All this being said, I don’t think this second interview completely disproves my first assessment of Pope Francis. You have to put it in context. When you read the whole interview, you see how cleverly and gently Pope Francis is nudging  Scalfari, a non-believer, to a Christian perspective. Combativeness is not necessarily the mark of piety. And I suspect future pronouncements will clear up some of the more questionable things the pope said. On proselytism, for example, Pope Francis this week gave  a sermon  in which he quoted his predecessor, Pope Benedict XVI, as saying that the Church doesn’t grow through “proselytism,” but “attraction” and “witness.” I believe this refers to Pope Benedict’s statement that the best testimonies for Christianity have been art and the lives of the saints. In other words, the Christian appeal is more about intuition than intellect. At least from my own Orthodox perspective, there doesn’t seem anything terribly wrong with that. I imagine Pope Francis will have more to say about conscience at some future time.

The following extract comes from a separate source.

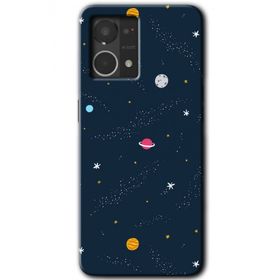 Oppo Reno 7 4G Çizim Gezegen Baskılı Uyumlu Silikon Kılıf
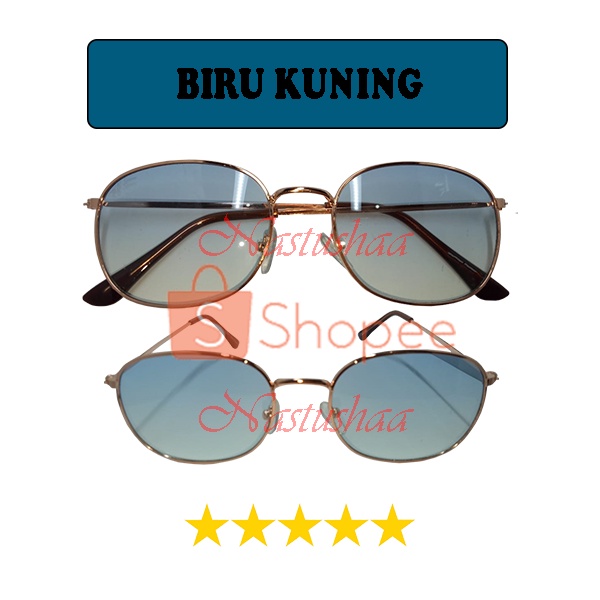 Kacamata Wanita dan Pria Fashion Aksesoris Gaya Pantai Frame Metal Sunglasses Kacamata Anti UV Lensa Gradasi FREECASE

How about mysticism? It’s true that in the  La Repubblica  interview, the pope rather coyly denies being mystical (“What do you think?”). But that doesn’t prove he isn’t. Read his description of the great light that filled him as he contemplated whether to accept his election. Besides, would you really trust someone who told you he was a mystic? Such a declaration would pretty clearly show the speaker wasn’t a mystic.

Finally, it does seem Pope Francis’s politics are quite progressive, at least when it comes to economics, and that he wishes to emphasize that aspect of the Church’s social teaching rather than others, like sexual ethics. He talked about the worldwide economic crisis, said it was an urgent matter for the Church, and that he personally faulted unrestrained liberalism—that is, free market capitalism. He said the state might have to intervene in some circumstances to correct extreme inequalities.

The pope also said, however, more than once, that the Church should not deal in politics. Political institutions are “secular by definition” and operate in a sphere different from religion—all his recent predecessors had said so, he told Scalfari. Individual Catholics could engage in politics and carry their values with them. But the Church would “never go beyond its task of expressing and disseminating its values, at least as long as I’m here.” What the Pope seems to mean is that the Church as an institution should avoid getting involved in the workings of government and political parties, but that its prophetic role remains.

You can’t tell too much from two interviews, either. It will be interesting to see how all this develops. One thing hasn’t changed since the first interview, though. Pope Francis seems a remarkable and profound man with real spiritual charisma, a pastor. And he apparently answers letters.